Task details:
Hunt for the word "Picture" across the entries below, copying each line that holds it.

Material provided:
-------------------------

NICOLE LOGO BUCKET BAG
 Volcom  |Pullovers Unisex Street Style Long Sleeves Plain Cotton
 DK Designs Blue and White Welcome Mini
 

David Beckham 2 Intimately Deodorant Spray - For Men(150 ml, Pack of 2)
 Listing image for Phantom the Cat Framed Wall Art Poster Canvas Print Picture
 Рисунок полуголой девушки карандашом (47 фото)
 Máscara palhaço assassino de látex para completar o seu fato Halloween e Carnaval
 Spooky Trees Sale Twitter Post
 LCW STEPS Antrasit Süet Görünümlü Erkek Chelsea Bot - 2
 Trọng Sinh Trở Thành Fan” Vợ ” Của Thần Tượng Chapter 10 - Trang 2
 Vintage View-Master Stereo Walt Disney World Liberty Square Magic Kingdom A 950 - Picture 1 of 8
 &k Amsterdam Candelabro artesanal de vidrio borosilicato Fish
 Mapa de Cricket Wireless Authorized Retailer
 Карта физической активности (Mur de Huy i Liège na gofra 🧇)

-------------------------

Answer area:
 Listing image for Phantom the Cat Framed Wall Art Poster Canvas Print Picture
 Vintage View-Master Stereo Walt Disney World Liberty Square Magic Kingdom A 950 - Picture 1 of 8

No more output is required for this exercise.